— Exercise —
Copy out exactly the lines from the one containing "Tyler Silk Blouse in Smoke Grey" through the end of the records, and no pictures.

***** Listed entries

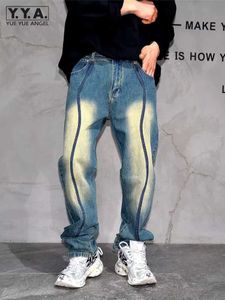 Herren -Shorts High Street Herren neuer Vintage -Denimhose gestreifter Fit Jeans Spring Vintage Wäsche Cowboy Langes Hosen lässig Streetwear J240522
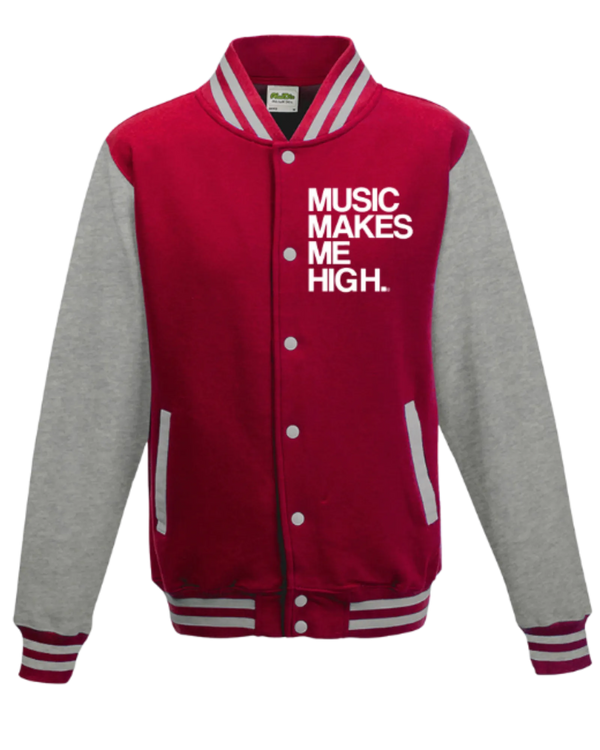 MMMH Unisex Letterman Jacket: Red/Gray | White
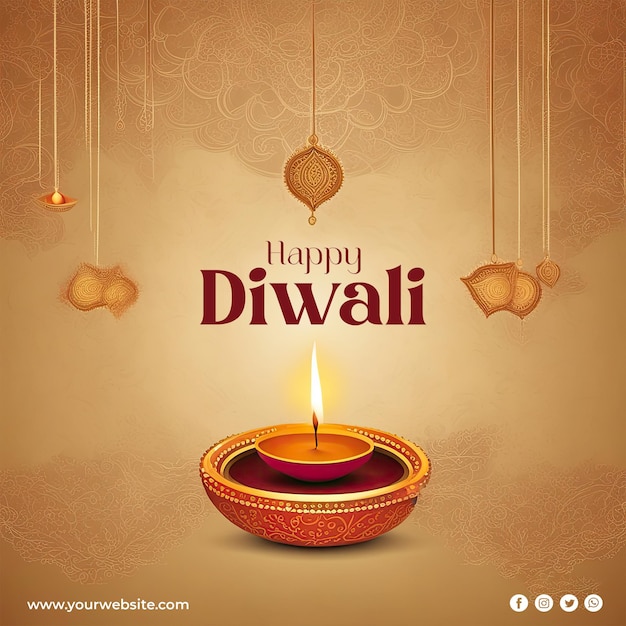 PSD psd diwali festival light greeting design template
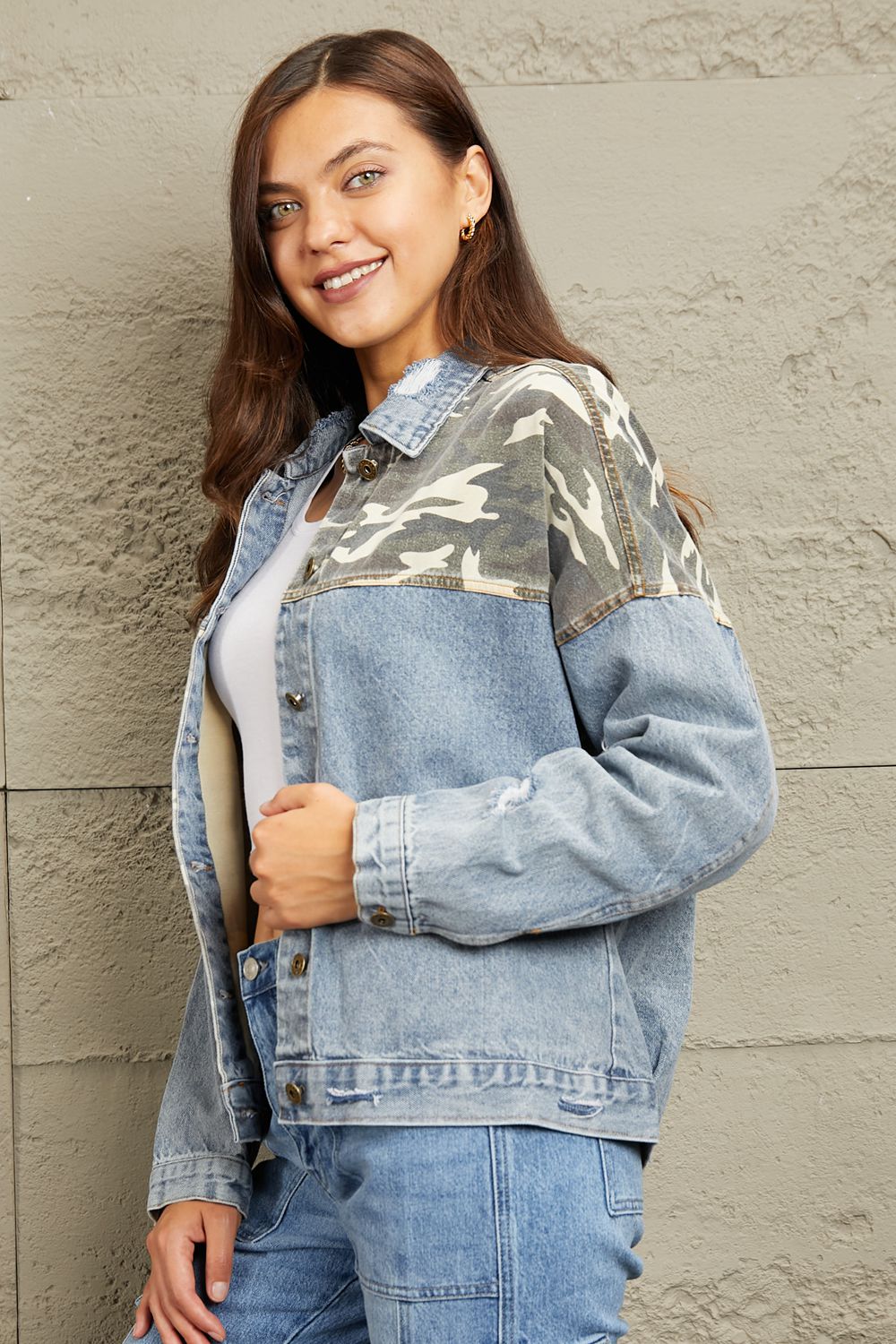 Geegee full size washed denim camo contrast jacket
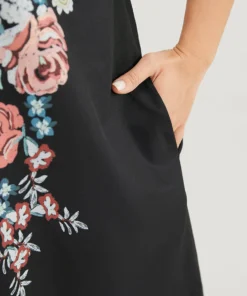 Bandana Pocket Round Neck Batwing Sleeve Dress -Clothing Shop 537146581 yt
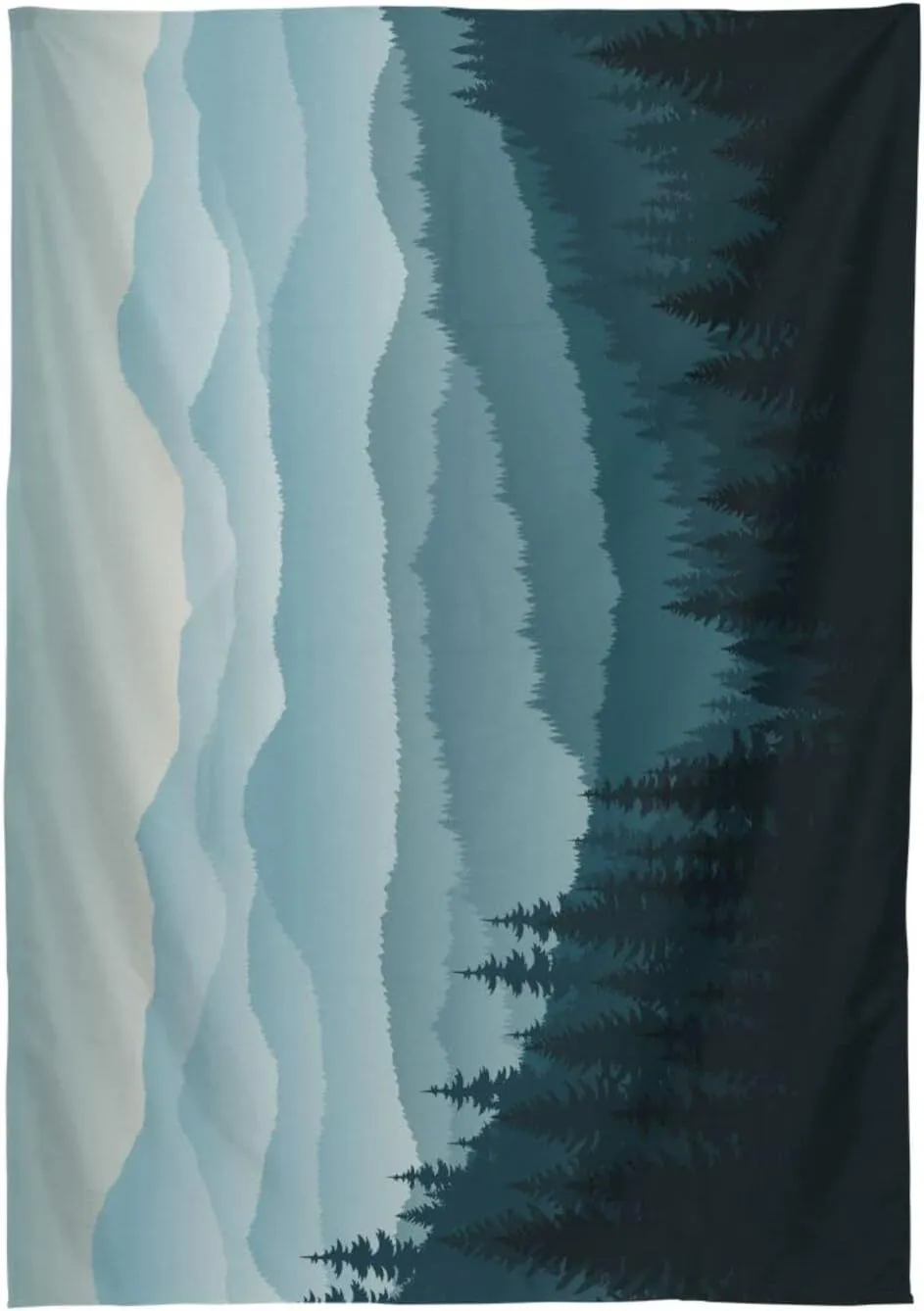 Oyihfvs Morning in The Seamless Mountains with Trees Dark Blue Pattern Rectangle Wrinkle Tablecloth, Stain Proof Table Cloth Cover for Indoor Dining Outdoor Party Picnic Decor 60 x 108 in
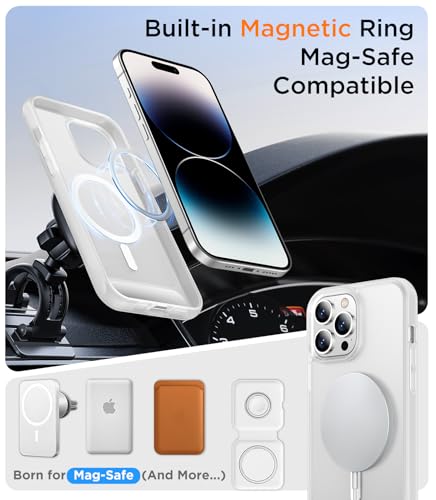 Image of Magnetic Compatible with iPhone 14 Pro Max Case, [Built-in Invisible Kickstand][Compatible with MagSafe] [Military Grade Shockproof] Slim Translucent Matte Phone Case for iPhone 14 Pro Max 6.7 inch
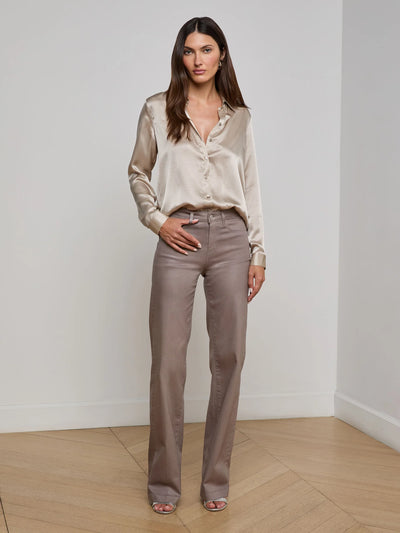 Tyler Silk Blouse in Smoke Grey
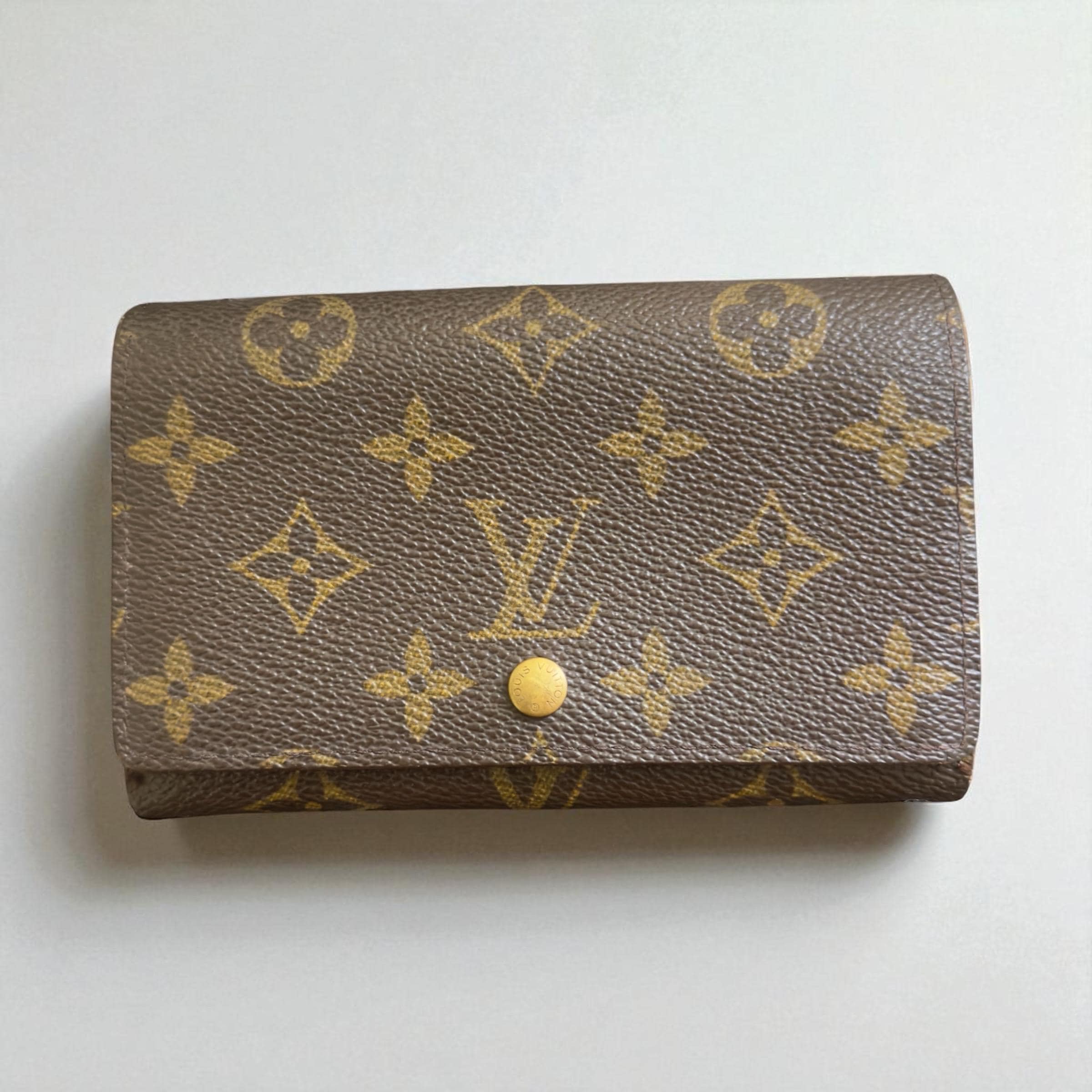 Authentic Louis Vuitton Monogram Porte Monnaie Billets Tresor Bifold Leather Wallet Purse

**********

— Solution for this task —
 Tyler Silk Blouse in Smoke Grey
 Authentic Louis Vuitton Monogram Porte Monnaie Billets Tresor Bifold Leather Wallet Purse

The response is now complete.